Surviving with Flowers

This morning I was delighted to find a single daffodil blooming and “dancing” in the wind in my garden. Spring arrived two days early, I thought. The first daffodil pushing up through grey and lifeless dirt was a promise that nature renews itself with regularity each year, a promise for my summer gardens of pink ice plant, purple salvia, and others to come later, and a promise that my life will be beautiful. 

William Wordsworth said it best in his famous poem, “Daffodils.” As a child this was one of my favorite poems.

“I wandered lonely as a cloud

That floats on high o’er vales and hills,

When all at once I saw a crowd,

A host, of golden daffodils;

Beside the lake, beneath the trees

Fluttering and dancing in the breeze….”

In 1953 I was nine, living in western Massachusetts with my parents and little brother. Winters were freezing cold and long. The neighborhood children and I ice-skated on a farm pond almost every day after school, but in March, when the ice began to thaw, it was time to look for signs of spring. I watched for robins to return, for leaf buds to swell on branches, and my favorite: watching for skunk cabbages to poke up in leaf litter next to a small stream deep in our woods. Their green, purple, and brown-splotched pointed hoods covered a very bad-smelling interior. These harbingers of spring meant that fun jack-in-the-pulpits would follow, then bright yellow cowslips, and purple trilliums. 

In 1953 I needed something that I could count on, something that was beautiful, and something that I could look forward to each year. These early flowers, simple signs of spring, were reassurance in my world of hurt and pain. 

My maternal grandmother, about an hour away, reinforced my search for springtime renewal when I visited her. She knew the best hunting grounds for pussy-willows and pink lady-slippers. After farm chores were complete, I remember her taking my mittened hand and trudging through a wooded marshy area. Spying the first pussy-willows, tiny catkins bursting from still bare branches, was ultimate satisfaction. She pocketed my mittens while encouraging me to touch their soft silkiness, then deftly clipped a few branches for an indoor bouquet. 

Pink lady-slippers, as far as the eye could see, carpeted a drier section of the forest. The delicate pink slipper-shaped flower fascinated me. Maybe miniature beings frolicked in these slippers—like in a fairy tale. I picked just a few because my grandmother said we needed to leave some to be sure there would always be lady-slippers to enjoy. 

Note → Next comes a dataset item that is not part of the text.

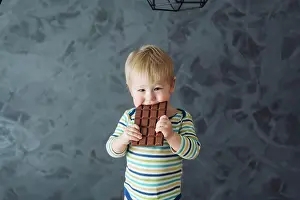 Nahaufnahme Prints: Portrait of an littel boy eating chocolate Portrait of an adorable baby eating chocolate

Today I looked for signs of spring, but in my own garden. In contrast to 1953, my daffodils reminded me that now I have a life with countless factors I can depend on, and a beautiful life that I can look forward to each day.

If we gave someone a special gift, we might have given flowers, even from our own garden, because of their beauty and their symbolism of hope, encouragement, gratitude, or love. In early spring of 1953 and throughout each springtime of my tumultuous childhood, flowers were the consistent promise of a better life.